Nul doute, Clos de Tart-Monopole (7,5 ha d’un seul tenant), Grand Cru de la Côte de Nuits à Morey-Saint-Denis est le vignoble le plus cher du monde. Il a été acheté fin 2017 à la famille Mommessin (qui le possédait depuis 1932) pour 250 millions d’€ par l’homme d’affaire français François Pinault* par le biais de sa société d’investissement familial Artémis ; un Clos au statut à part qui n’a jamais été morcelé et qui est aujourd’hui le plus vaste Monopole classé en Grand Cru de Bourgogne. Il produit aujourd’hui, Clos de Tart Grand Cru-Monopole et La Forge de Tart Premier Cru, une production confidentielle de 25 000 bouteilles par an* diffusées au compte goutte à l’instar de ses proches voisins (Musigny, Romanée ou Richebourg).

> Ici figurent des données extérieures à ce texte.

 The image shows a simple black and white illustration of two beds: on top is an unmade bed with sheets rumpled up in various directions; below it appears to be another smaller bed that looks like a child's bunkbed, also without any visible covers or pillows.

*Avec des millésimes éblouissants comme 2001, 2002, 2009 et surtout l’incomparable 2005 qu’on rapproche des deux millésimes légendaires, 1928 et 1945.

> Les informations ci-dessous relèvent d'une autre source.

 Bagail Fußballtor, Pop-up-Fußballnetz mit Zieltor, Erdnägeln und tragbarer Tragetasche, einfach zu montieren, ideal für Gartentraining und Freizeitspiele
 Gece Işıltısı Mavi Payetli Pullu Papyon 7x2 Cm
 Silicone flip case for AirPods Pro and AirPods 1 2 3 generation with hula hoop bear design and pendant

Clos de Tart acheté comme une oeuvre d’art
Avec cet achat hors norme, équivalent à celui du marché de l’art, François Pinault s’offre pour 26 millions d’€ l’hectare, l’un des plus grands vins rouges du monde, parmi ces vins légendaires de Morey que le docteur Ramain célèbre gastronome décrivait en 1880 comme étant de puissants nectars, pleins de sève et violemment bouquetés, avec une saveur un peu particulière et très parfumée de fraises ou de violettes. On a coutume de dire en Bourgogne que les vins du Clos de Tart associent la puissance d’un Chambertin à l’élégance d’un Musigny. Joli coup donc pour le nouveau propriétaire avec ce premier millésime (2017) qui fait partie de la série des millésimes précoces que la Bourgogne connaît depuis 2003. Il se dessine comme étant très parfumés, élégants, riches et tendres à la fois, en un mot, extrêmement séducteurs… promesse donc d’un très grand millésime à venir.
*Déjà propriétaire depuis 2006 en Bourgogne du Domaine d’Eugénie (anciennement domaine Engel) à Vosne-Romanée puis en 2012 par l’acquisition de quelques rangs de vignes de Montrachet (une ouvrée, soit 4,28 ares) et de Bâtard-Montrachet (deux ouvrées).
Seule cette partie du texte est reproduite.